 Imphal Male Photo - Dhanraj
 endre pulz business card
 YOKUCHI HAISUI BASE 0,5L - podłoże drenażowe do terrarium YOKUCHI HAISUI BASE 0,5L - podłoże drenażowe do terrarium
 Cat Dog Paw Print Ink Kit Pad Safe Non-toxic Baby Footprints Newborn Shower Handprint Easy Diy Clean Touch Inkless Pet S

──────────────────────────────

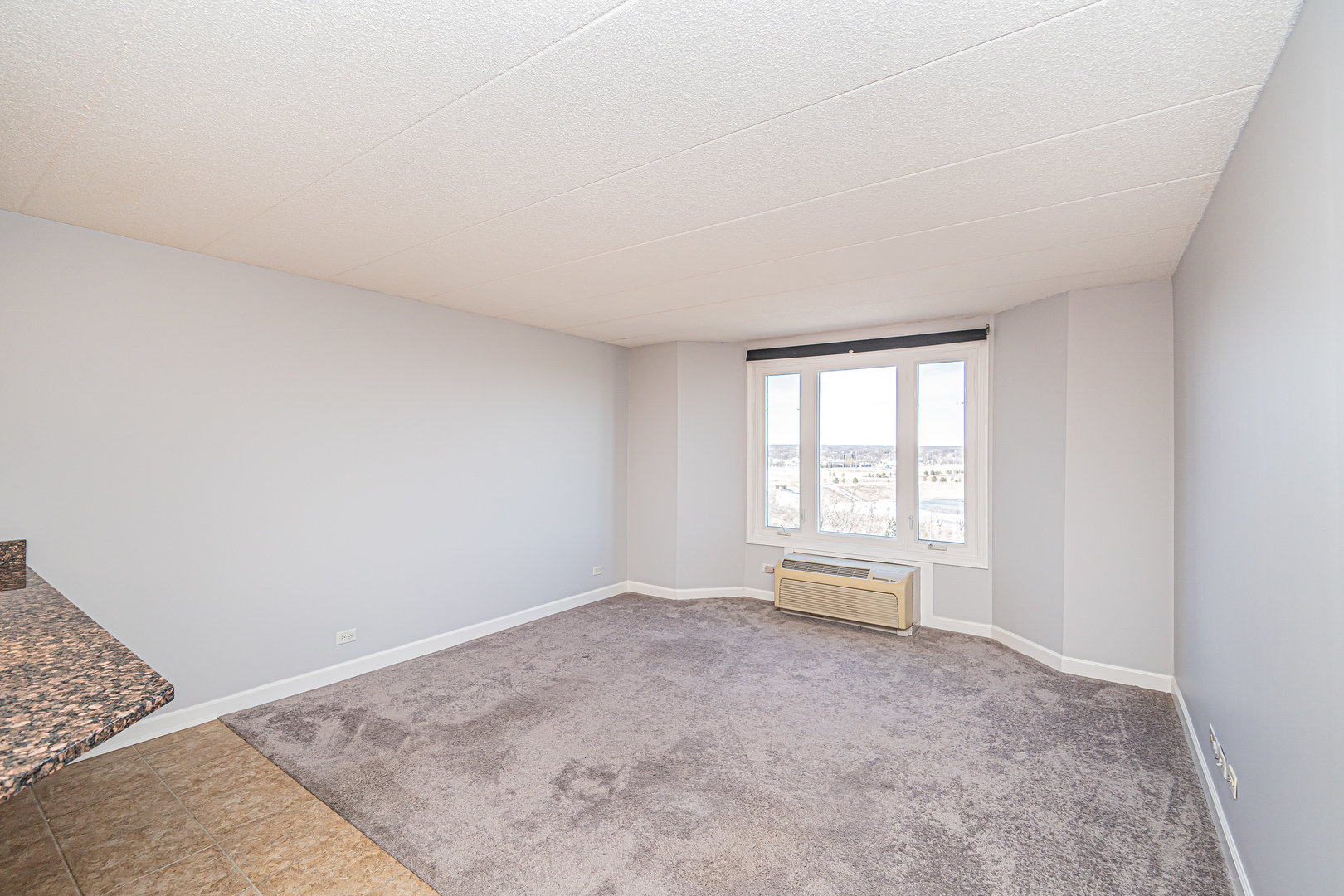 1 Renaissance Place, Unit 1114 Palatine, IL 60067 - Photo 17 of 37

──────────────────────────────

WHAT YOU SHOULD DO —
Starting at the line with "do terrarium YOKUCHI" and ending at the line with "Cat Dog Paw", print each line of the listing above exactly, with no other lines.

THE COMPLETED TASK —
 YOKUCHI HAISUI BASE 0,5L - podłoże drenażowe do terrarium YOKUCHI HAISUI BASE 0,5L - podłoże drenażowe do terrarium
 Cat Dog Paw Print Ink Kit Pad Safe Non-toxic Baby Footprints Newborn Shower Handprint Easy Diy Clean Touch Inkless Pet S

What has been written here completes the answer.